In den Zeichnungen zur Annenkirche liegt die Kanzel gleichfalls am Rande des Altarplatzes, von der Sakristei aus zugängig, doch näher an der Saalwand. Als Gegenstück dient der Taufstein. Über ihm ist, dem Schalldeckel entsprechend, ein Baldachin angebracht. Die lichte Länge des Saales von 21 m gestattete dann den Kanzelaltar, der in den übrigen Kirchen Schmidts die Regel[2] ist. Im Kreuzkirchenplan ist die gegenüberliegende Emporenbrüstung rund 40 m vom Altar, 30 m von den Stufen zum Altarplatz entfernt, der hinterste Platz sogar 36 m. Kanzel und Lesepult sind weit vor ins Schiff geschoben. Die absoluten Raummaße liegen bereits hart an der Grenze des Zulässigen. Der Geistliche muß eine genügend klare, deutliche und kräftige Stimme haben, um überall verstanden zu werden.

Die Orgel ist in den ausgeführten Dresdner Kirchen Schmidts dem Altar gegenüber angebracht. In seinen anderen Plänen bildet sie wie in der Frauenkirche Bährs ein Hauptmotiv zur künstlerischen Gliederung der hohen Altarrückwand. Diese dekorative Verwendung fällt zusammen mit dem ästhetischen Bedürfnis, die Quelle von Musik und Gesang vor Augen zu haben, den Schall der Stellung des menschlichen Ohres entsprechend von vorn aufzunehmen. Diese Punkte sind nicht genügend durchschlagend und allgemein anerkannt, um eine Aufstellung der Orgel an der Altarseite zur Norm zu machen. Künstlerische Gründe können auch die andere Lösung erheischen. Schmidt spricht sich in der Erklärung seiner Annenkirchenrisse[3] für diese andere Stellung der Orgel aus. Er sagt da, daß Altar und (Sänger-) Chor einander gegenüber „sich viel ausnehmender präsentieren, wenn diese zur Vortrefflichkeit der Kirche und Verherrlichung des Gottesdienstes gereichenden zwei Stücke gleich beim Entree durch die (seitlichen) Haupttüren wohlangebracht in die Augen fallen“. Bei den oblongen Anlagen wird durch die Anhäufung der dekorativen Elemente an der einen Schmalseite der Raum gewissermaßen einseitig belastet. Das andere Ende der Längsachse fordert einige Betonung und dazu steht dem Künstler die Orgel zur Verfügung.

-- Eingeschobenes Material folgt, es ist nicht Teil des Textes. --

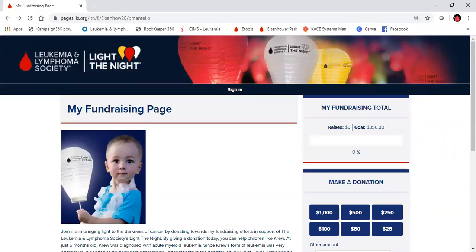Welcome to Learning to Light the Night. In today's video, we're going to learn how to personalize our fundraising page. Personalizing your page is very important as it allows you to share your personal story and help potential donors feel connected to your fundraising efforts.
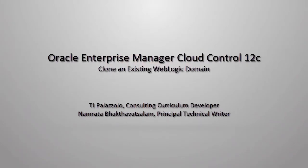Welcome to the Oracle Enterprise Manager Cloud Control 12C demo series. In this demonstration, I will show you how to use Oracle Enterprise Manager Cloud Control to clone an Oracle Fusion middleware domain by using an existing domain provisioning profile.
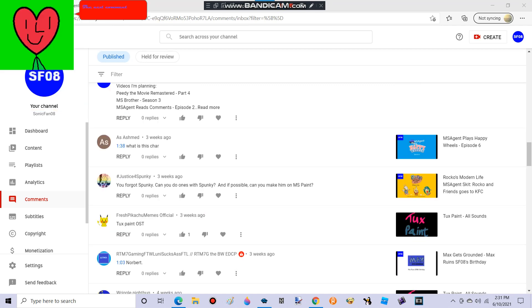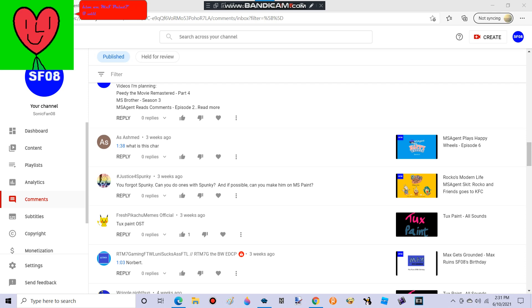The next comment is from NumberJusticeForSpunky. He says, you forgot Spunky. Can you do ones with Spunky? And if possible, can you make him on MS Paint? I will make it for the final pack.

Eine Grundbedingung der ästhetischen Raumwirkung ist, daß die Raumform unbewußt klar zur Anschauung kommt. Ohne Betonung der Längsachse wird der länglichrunde Saal flau und unbestimmt. Anders schon der Rechtecksaal. Seine Form ist leicht faßbar. Selbst für die Wirkung der zentralen Formen Bährs ist es nicht ohne Bedeutung, daß er die Umfassungen kreuzförmig plant und dadurch die Hauptachsen erkennbar werden läßt. Verstärkend wirkt bei der Frauenkirche die verschiedene Weite der Arkadenbögen und das Weglassen der oberen Emporen vor den Hauptfenstern in den Kreuzarmen.

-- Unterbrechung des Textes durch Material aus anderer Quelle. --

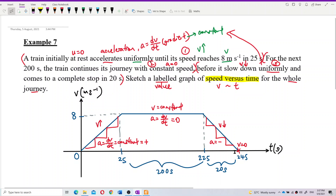So that's the complete velocity-time graph. The train starts at rest with initial velocity zero, accelerates uniformly to 8 meters per second, maintains that constant velocity, then decelerates back to zero. That's all for this question.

Die Lage der Orgel über dem Altar finden wir zuerst bei den Schloßkapellen des 16. Jahr­hunderts. Die besten Plätze der Herrschaft vorzubehalten, mag den Anlaß zu dieser Verlegung gegeben haben. Bei den großen Dresdner Kirchen mit oblonger Entwicklung liegen die bevorzugten Logen und Betstübchen am Altarplatz. Die Orgel nimmt den vom Altar am weitesten entfernten und deshalb für die Kirchgänger schlechtesten Platz ein. Bei der Frauenkirche plante Bähr die Orgel schon im ersten Entwurf über dem Altar. Der Raum ist sehr beschränkt, die Sänger werden auf einer Empore zu beiden Seiten der Orgel aufgestellt. Im approbierten Entwurf wird die Orgel zweiteilig am Über­gang zum Altarplatz in den für die Besucher ungünstigsten Emporenteilen untergebracht. Erst in der

Ausführung rückt sie wieder über den Altar. Der geringe Raum für die Sänger nötigt dazu, diese


  1. Der Bährsche approbierte Entwurf von 1726 hatte an beiden Altarpfeilern gleichwertige Kanzeln, nachdem die axiale Stellung verworfen war. Bei der Konkurrenz für den Berliner Dom wurde von mehreren Teilnehmern eine doppelte Kanzelanlage vorgeschlagen. Vergl. Rb. d. Prot.
  2. In Großenhain war gleichfalls ursprünglich eine seitliche, frei im Raum stehende Kanzel geplant.
  3. R. A., B. II. 42. Annenkirche betreffend vom 21. April 1764.
Empfohlene Zitierweise:
Alfred Barth: Zur Baugeschichte der Dresdner Kreuzkirche. C. C. Meinhold & Söhne, Dresden 1907, Seite 56. Digitale Volltext-Ausgabe bei Wikisource, URL: https://de.wikisource.org/w/index.php?title=Seite:Alfred_Barth_Zur_Baugeschichte_der_Dresdner_Kreuzkirche.pdf/64&oldid=- (Version vom 2.4.2024)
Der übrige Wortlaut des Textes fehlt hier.